Implementation:Datajuicer Data juicer TextChunkMapper
| Knowledge Sources | |
|---|---|
| Domains | Data_Processing, Mapping |
| Last Updated | 2026-02-14 16:00 GMT |
Overview
Concrete tool for splitting text into configurable chunks provided by Data-Juicer.
Description
TextChunkMapper is a mapper operator that splits input text into smaller chunks based on configurable maximum length and/or split patterns, supporting overlapping chunks for context preservation. It can measure text length in characters or tokens (using HuggingFace, tiktoken, or dashscope tokenizers), split at occurrences of a configurable pattern (default: double newline), and enforce a maximum chunk length with configurable overlap between consecutive chunks.
Usage
Use when you need to prepare long documents for processing by context-limited models, support RAG pipelines, or create appropriately-sized training samples from long-form text.
Code Reference
Source Location
- Repository: Datajuicer_Data_juicer
- File: data_juicer/ops/mapper/text_chunk_mapper.py
Signature
@OPERATORS.register_module("text_chunk_mapper")

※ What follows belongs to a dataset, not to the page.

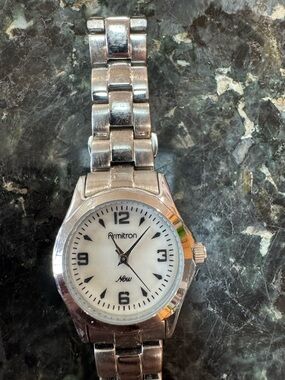 Armitron Silver Watch with White Dial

class TextChunkMapper(Mapper):
def __init__(self, max_len: Union[PositiveInt, None] = None, split_pattern: Union[str, None] = r"\n\n", overlap_len: NonNegativeInt = 0, tokenizer: Union[str, None] = None, trust_remote_code: bool = False, *args, **kwargs):
Import
from data_juicer.ops.mapper.text_chunk_mapper import TextChunkMapper
I/O Contract
Inputs
| Name | Type | Required | Description |
|---|---|---|---|
| max_len | PositiveInt or None | No | Maximum length of each chunk; None means no length limit (default: None) |
| split_pattern | str or None | No | Regex pattern to split text at (default: "\n\n") |
| overlap_len | NonNegativeInt | No | Overlap length between consecutive chunks (default: 0) |
| tokenizer | str or None | No | HuggingFace/tiktoken/dashscope tokenizer name for token-based length (default: None) |
| trust_remote_code | bool | No | Whether to trust remote code of HF models (default: False) |
Outputs
| Name | Type | Description |
|---|---|---|
| samples | Dict | Transformed samples with text split into chunks |
Usage Examples
process:
- text_chunk_mapper:
max_len: 512
split_pattern: "\n\n"
overlap_len: 50